### WORK TO BE COMPLETED:
From the data below, repeat exactly the lines from the line with "Welcome to this" to the line with "So, let's say", both included.

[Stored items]
☆ ☆ ☆ ☆ ☆
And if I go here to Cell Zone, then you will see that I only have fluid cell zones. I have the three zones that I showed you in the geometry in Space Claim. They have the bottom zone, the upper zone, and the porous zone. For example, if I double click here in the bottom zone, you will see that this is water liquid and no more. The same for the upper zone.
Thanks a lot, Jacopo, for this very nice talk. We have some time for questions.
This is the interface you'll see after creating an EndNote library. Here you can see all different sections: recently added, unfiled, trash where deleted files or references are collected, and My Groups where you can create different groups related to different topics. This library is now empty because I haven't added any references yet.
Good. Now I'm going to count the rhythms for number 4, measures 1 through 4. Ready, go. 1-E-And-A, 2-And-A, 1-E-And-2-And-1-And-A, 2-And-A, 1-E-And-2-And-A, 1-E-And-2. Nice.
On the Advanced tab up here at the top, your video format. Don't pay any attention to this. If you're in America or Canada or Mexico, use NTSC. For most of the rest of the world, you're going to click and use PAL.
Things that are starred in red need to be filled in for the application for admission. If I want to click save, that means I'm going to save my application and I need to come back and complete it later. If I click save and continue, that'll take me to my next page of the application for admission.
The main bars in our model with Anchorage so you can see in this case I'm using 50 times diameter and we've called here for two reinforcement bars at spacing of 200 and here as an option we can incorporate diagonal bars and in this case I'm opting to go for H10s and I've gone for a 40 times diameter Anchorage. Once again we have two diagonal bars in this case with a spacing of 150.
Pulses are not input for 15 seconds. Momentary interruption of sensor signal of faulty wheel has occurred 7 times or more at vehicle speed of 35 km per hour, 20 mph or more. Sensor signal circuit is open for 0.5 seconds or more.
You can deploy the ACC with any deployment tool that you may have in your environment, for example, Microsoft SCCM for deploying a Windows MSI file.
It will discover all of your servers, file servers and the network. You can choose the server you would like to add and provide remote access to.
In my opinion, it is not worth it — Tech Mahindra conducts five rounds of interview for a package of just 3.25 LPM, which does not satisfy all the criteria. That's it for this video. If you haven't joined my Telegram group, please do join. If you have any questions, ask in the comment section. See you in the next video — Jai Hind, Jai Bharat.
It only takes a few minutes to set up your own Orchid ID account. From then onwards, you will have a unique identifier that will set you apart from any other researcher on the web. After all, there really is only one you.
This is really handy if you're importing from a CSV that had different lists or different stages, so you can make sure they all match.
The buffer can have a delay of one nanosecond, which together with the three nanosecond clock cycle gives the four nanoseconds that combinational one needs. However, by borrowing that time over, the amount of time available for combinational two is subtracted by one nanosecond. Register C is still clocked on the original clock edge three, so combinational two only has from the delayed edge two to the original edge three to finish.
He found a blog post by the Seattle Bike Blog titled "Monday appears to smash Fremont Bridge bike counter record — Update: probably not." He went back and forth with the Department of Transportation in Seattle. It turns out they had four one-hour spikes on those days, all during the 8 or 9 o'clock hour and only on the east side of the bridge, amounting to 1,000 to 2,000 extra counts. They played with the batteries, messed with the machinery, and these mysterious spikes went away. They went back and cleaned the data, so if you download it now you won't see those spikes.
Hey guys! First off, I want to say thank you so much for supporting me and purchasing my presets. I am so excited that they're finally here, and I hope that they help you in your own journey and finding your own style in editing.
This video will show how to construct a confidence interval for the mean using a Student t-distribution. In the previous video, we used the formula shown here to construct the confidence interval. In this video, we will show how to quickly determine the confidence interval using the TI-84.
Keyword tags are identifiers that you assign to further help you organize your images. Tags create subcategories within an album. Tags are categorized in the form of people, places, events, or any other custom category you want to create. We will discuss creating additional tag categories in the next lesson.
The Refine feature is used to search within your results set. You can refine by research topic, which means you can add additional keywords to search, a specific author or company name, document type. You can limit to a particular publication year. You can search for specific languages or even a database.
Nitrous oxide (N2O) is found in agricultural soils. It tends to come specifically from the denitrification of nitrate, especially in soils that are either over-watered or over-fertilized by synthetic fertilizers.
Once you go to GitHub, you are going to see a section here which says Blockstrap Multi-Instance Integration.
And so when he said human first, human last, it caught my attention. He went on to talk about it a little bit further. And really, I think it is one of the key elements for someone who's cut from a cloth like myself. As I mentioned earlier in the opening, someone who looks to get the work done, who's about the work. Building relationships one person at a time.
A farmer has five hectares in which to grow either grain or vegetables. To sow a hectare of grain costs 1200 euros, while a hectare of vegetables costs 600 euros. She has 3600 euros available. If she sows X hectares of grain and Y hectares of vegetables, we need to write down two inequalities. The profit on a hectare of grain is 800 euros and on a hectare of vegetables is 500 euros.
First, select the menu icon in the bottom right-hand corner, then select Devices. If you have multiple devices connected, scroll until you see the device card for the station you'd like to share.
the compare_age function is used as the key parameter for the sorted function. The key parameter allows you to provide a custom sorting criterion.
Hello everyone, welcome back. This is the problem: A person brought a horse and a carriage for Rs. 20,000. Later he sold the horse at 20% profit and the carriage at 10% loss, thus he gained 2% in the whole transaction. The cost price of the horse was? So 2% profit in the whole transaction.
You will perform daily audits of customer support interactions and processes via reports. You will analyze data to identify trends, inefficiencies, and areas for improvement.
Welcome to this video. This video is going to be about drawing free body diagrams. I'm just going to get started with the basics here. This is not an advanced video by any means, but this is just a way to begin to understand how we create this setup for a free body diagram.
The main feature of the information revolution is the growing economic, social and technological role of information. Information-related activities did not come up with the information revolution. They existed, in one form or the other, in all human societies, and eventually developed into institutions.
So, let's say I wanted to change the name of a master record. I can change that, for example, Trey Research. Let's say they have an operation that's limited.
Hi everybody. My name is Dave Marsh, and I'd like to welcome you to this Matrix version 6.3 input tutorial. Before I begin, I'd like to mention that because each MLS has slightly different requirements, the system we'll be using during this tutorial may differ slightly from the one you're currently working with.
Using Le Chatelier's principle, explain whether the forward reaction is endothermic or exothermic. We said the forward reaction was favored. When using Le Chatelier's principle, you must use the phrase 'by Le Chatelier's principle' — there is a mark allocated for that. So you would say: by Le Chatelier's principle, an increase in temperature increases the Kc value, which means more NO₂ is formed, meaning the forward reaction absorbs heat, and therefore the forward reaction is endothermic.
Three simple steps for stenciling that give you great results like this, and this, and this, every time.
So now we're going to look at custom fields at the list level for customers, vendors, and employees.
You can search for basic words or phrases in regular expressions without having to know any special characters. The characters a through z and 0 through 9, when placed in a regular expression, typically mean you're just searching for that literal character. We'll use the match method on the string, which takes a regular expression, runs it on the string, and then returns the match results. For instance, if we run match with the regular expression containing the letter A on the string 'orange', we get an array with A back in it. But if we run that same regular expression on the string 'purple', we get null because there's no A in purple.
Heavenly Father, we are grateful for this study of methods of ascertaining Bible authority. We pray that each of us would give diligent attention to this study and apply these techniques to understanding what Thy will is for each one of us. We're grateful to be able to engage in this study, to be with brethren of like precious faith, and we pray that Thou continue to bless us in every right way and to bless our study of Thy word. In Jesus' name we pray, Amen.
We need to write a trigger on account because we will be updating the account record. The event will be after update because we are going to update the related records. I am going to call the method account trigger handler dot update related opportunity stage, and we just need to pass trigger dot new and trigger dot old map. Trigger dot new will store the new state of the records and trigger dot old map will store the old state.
☆ ☆ ☆ ☆ ☆
### TASK OUTPUT:
Welcome to this video. This video is going to be about drawing free body diagrams. I'm just going to get started with the basics here. This is not an advanced video by any means, but this is just a way to begin to understand how we create this setup for a free body diagram.
The main feature of the information revolution is the growing economic, social and technological role of information. Information-related activities did not come up with the information revolution. They existed, in one form or the other, in all human societies, and eventually developed into institutions.
So, let's say I wanted to change the name of a master record. I can change that, for example, Trey Research. Let's say they have an operation that's limited.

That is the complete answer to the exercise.